Xavier Chanoine | 2.75 | Le style est là mais l'ensemble reste brouillon |
Murder Plot est l'adaptation d'un ouvrage de Gu Long, auteur dont il s'inspira majoritairement dès la fin des années 70 pour nous pondre quelques très grandes réussites du wu xia pian mystique. Le récit met en avant Shen Lang, un honorable guerrier vagabond à la recherche d'un maître, à cheval entre le bien et le mal dans la mesure où il ne fait pas parti d'un clan à proprement dit. Il se retrouve mêlé à une drôle d'affaire : le monde des arts martiaux est menacé par le puissant Roi Heureux face à une armée de guerriers bien décidés à préserver les valeurs de cet art. Comme tout bon Chu Yuan qui se respecte, Murder Plot est un forum de rencontres à la manière d'un jeu de rôle. Chaque guerrier pris indépendamment possède un vécu, un passé, et leur nombre assez considérable apporte autant de richesse à l'histoire (remaniée par Chu Yuan) que de difficultés pour bien la suivre.
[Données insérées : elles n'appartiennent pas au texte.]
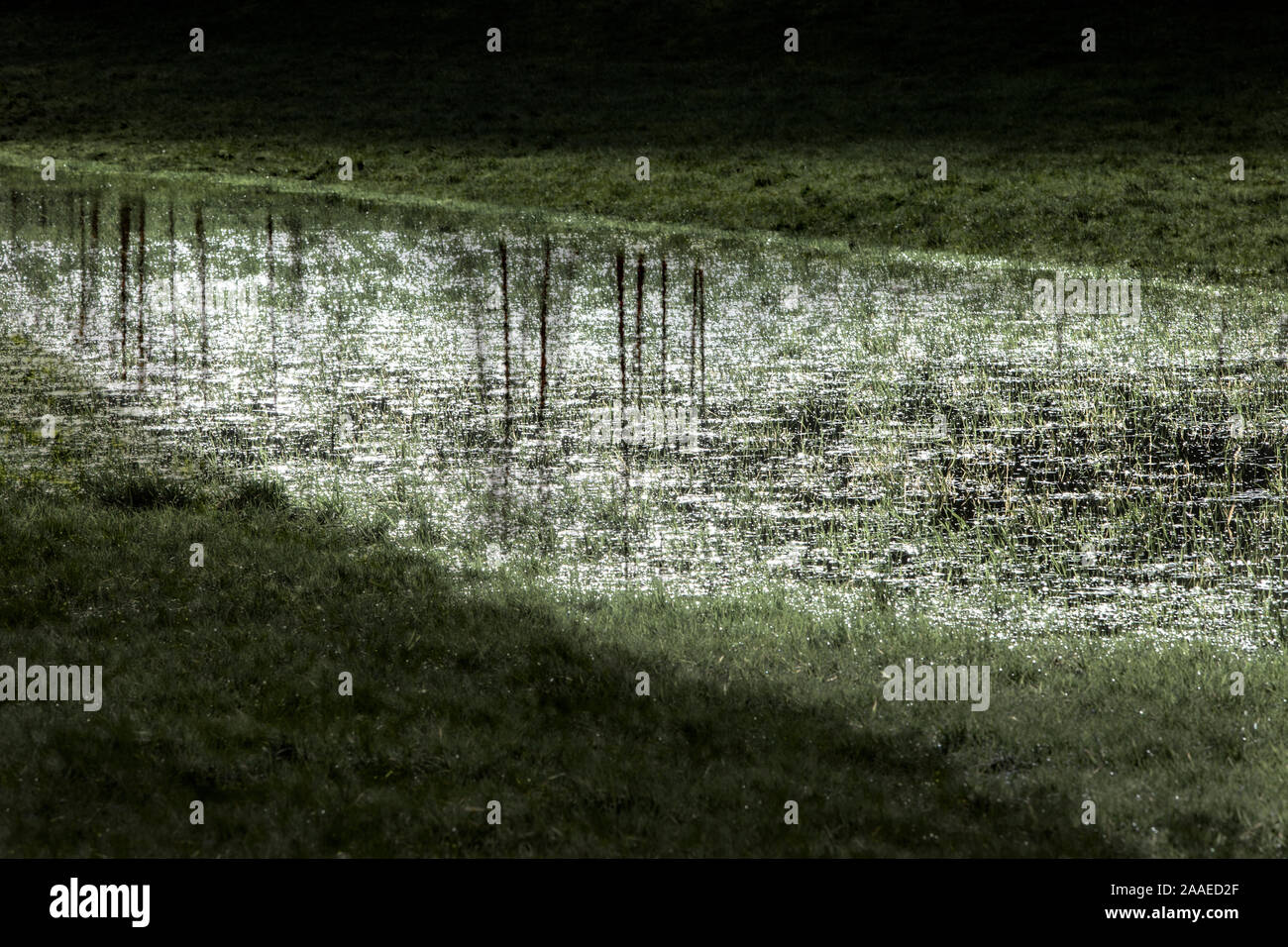 flooded meadow, Stock Photo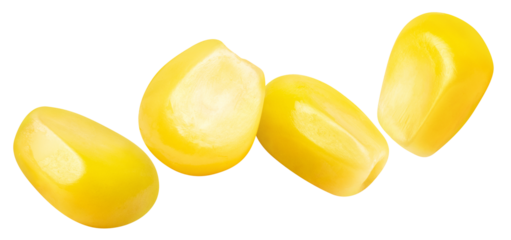 Flying corn seeds cut out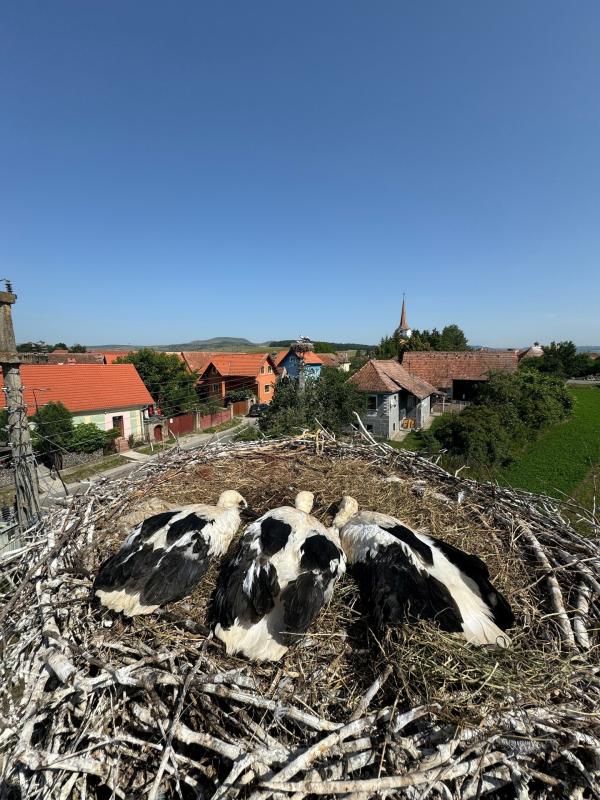 Bild 1 von 12: Platz mit Aussicht: Die Storchenküken wachsen hoch über den Dächern von Sanpaul auf.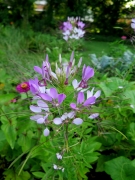 cleomes - IMG_3520.JPG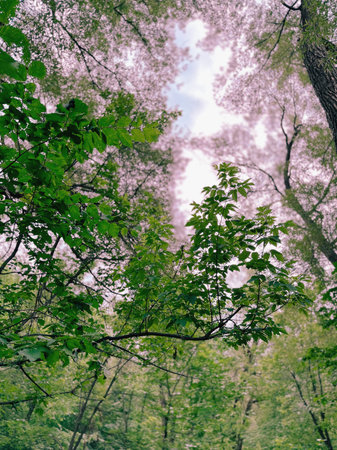 forest trees view from below into the sky. nature green wood sunlight backgrounds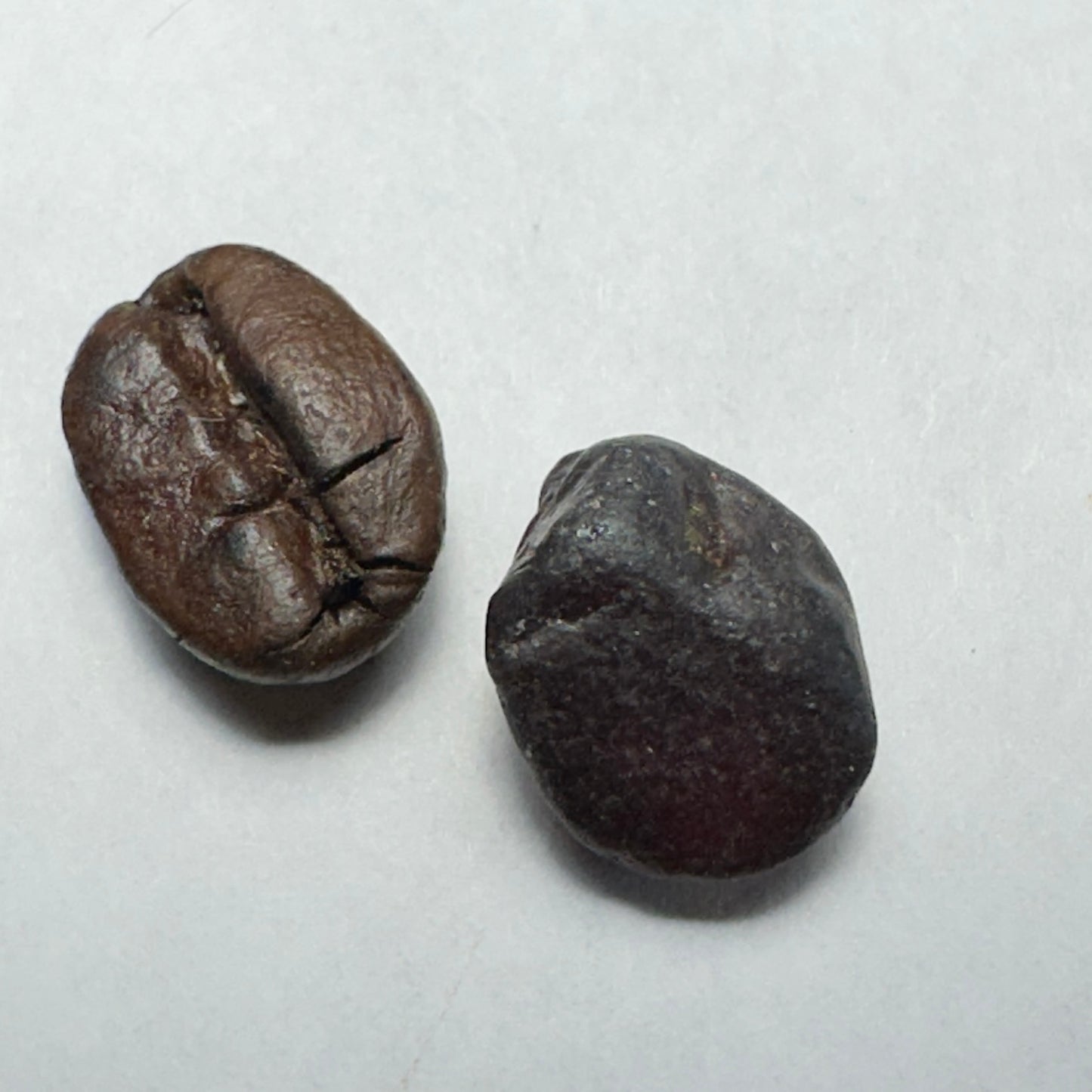 6.64ct ZIRCON Facet Rough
C'est aussi l'un des inconvénients d'une adaptation de l'écrit à l'écran et le cinéaste semble enchaîner les séquences spectaculaires et délirantes au possible sans se soucier de la cohérence, de la ligne directive de l'oeuvre, tout part un peu dans tous les sens et il n'est pas rare de voir apparaître de nouveaux personnages parfois lors d'une même scène. Le film débute dans la cité Yi et annonce déjà la couleur, au sens propre : baigné dans de classiques nappes brumeuses, les décors fourmillent de détails et de personnages et les lieux mystiques rappellent ses inspirations clairement orientales. Que dire face à cette salle aux trésors aussi kitsch que gracieusement illuminée, où ses assaillants ne doivent pas céder à la tentation et rester humbles face aux trésors déposés à leurs pieds : et ce héros, installé sur une balançoire, rappelle à la fois les maisons hantées et les attractions de fêtes foraines effrayantes d'un point de vue purement visuel. Oscillant entre réussite et audace esthétique, les premières vingt minutes extrêmement colorées ne font jamais preuve d'un très bon goût dans la mesure où l'utilisation de la couleur n'est que très rarement justifiée, à contrario d'un Dario Argento avec ses plus grandes oeuvres ou d'un Godard avec Le Mépris, où la couleur trouvait un sens, une signification. L'utilisation aberrante du vert annonce un Chu Yuan auto caricatural mais heureusement il n'en est rien.
Le film trouve un rythme et retourne aux sources qui font le succès de ses meilleures oeuvres : l'entourloupe, la manière vicelarde de se fiche du spectateur tout en le respectant. Rien n'est sûr, tout est programmé, travaillé pour freiner l'avancée des guerriers vers le repère de Sa Grandeur. L'une des séquences les plus amusantes tout en faisant office de "pause" guerrière, c'est bien cette partie de jeu du hasard entre Shen Lang et Sa Grandeur, grand moment d'amusement et de montage ultra efficace donnant un semblant de charisme supplémentaire à un David Chiang correct sans être étincelant. Le cabotinage habituel des grands fieffés, la soumission des sbires et leur apparition d'on ne sait où contribuent à donner du caractère à l'oeuvre, apportant ainsi un semblant de fantastique et de délire assumé : la bagarre de jarres contre ce faux vendeur de vin, les nombreux lancés de flèches glacées de séduction, les attaques au corps à corps paralysantes, le moine Paon et la liste est encore longue. C'est ce qui fait la réussite d'un Chu Yuan, ses audaces aussi bien sur le papier que sur la forme, même si cette dernière ne semble pas aussi maîtrisée qu'au milieu des années soixante-dix, et l'ensemble des combats orchestrés par Tang Chia manquent clairement de punch. Une semi réussite donc, confirmant en revanche Chu Yuan comme l'un des esthètes les plus intéressants du pan Shaw Brothers.